(Stored records)
============================================================
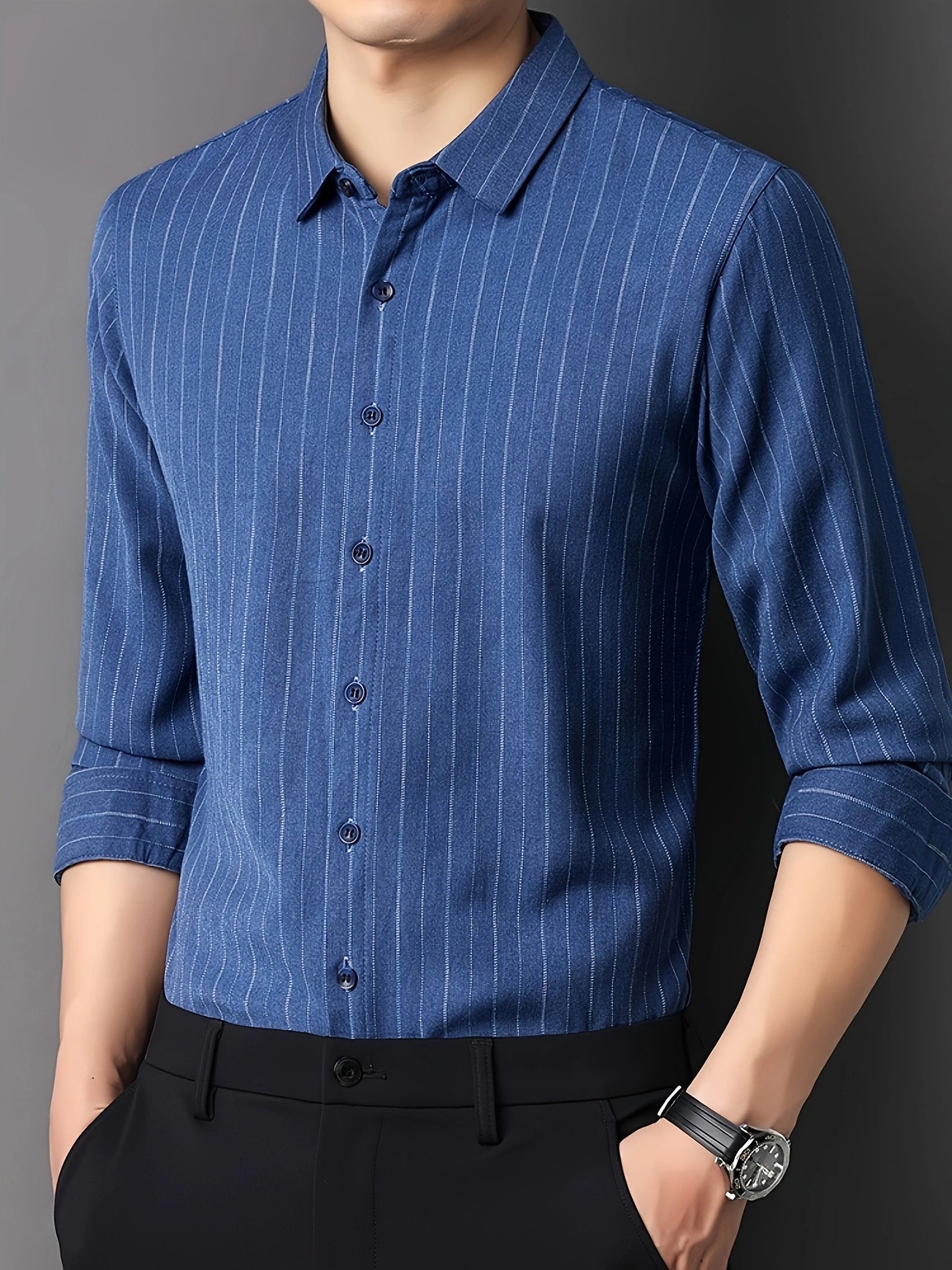 GKSEN royal blue pinstripe men’s shirt shown in a three-quarter front model pose with collar, buttons, and rolled sleeves visible.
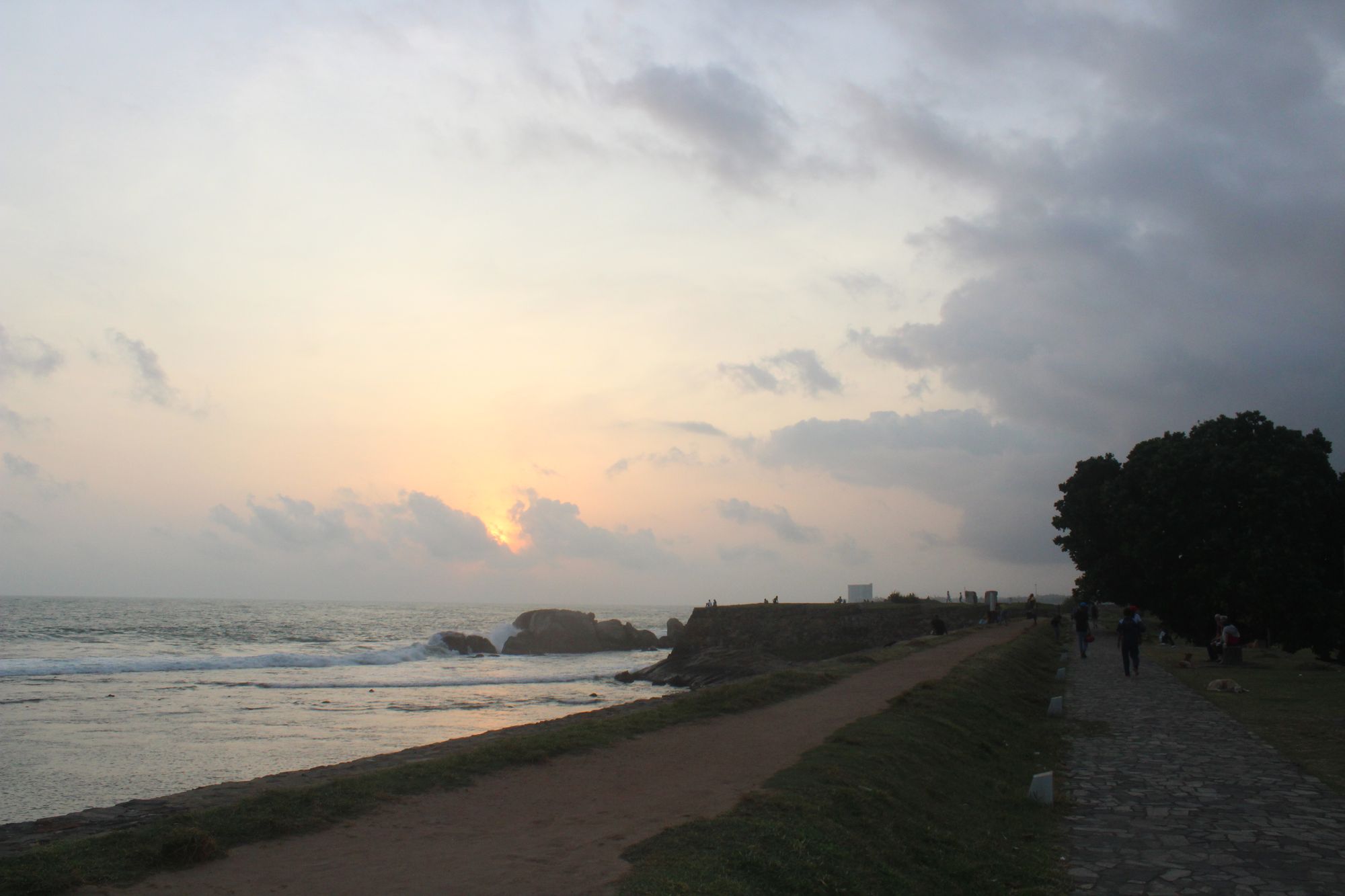 Ramparts of the Galle Dutch Fort with people walking around during the evening.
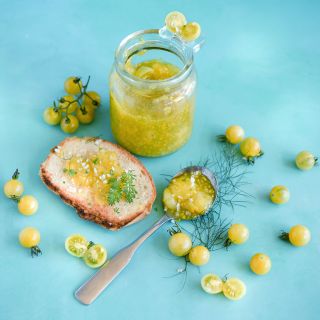 White Currant Tomato with tomato jam on bread on light blue background.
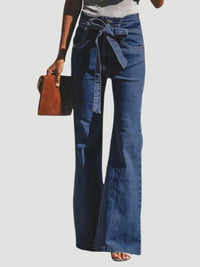 Person wearing blue denim bell-bottom pants with a white background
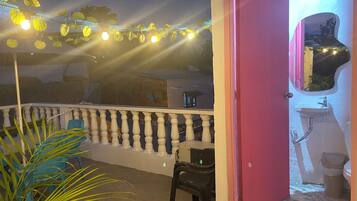 A balcony with string lights, a chair, and a potted plant.
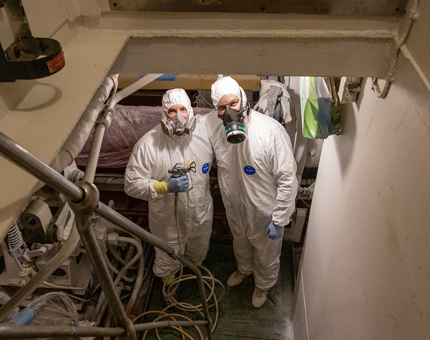 The two team members stop for a moment during the spray painting to pose for a photo.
============================================================
▶ _What to produce_
Reproduce the lines above exactly, image-free.

▶ _Result below_
 GKSEN royal blue pinstripe men’s shirt shown in a three-quarter front model pose with collar, buttons, and rolled sleeves visible.
 Ramparts of the Galle Dutch Fort with people walking around during the evening.
 White Currant Tomato with tomato jam on bread on light blue background.
 Person wearing blue denim bell-bottom pants with a white background
 A balcony with string lights, a chair, and a potted plant.
 The two team members stop for a moment during the spray painting to pose for a photo.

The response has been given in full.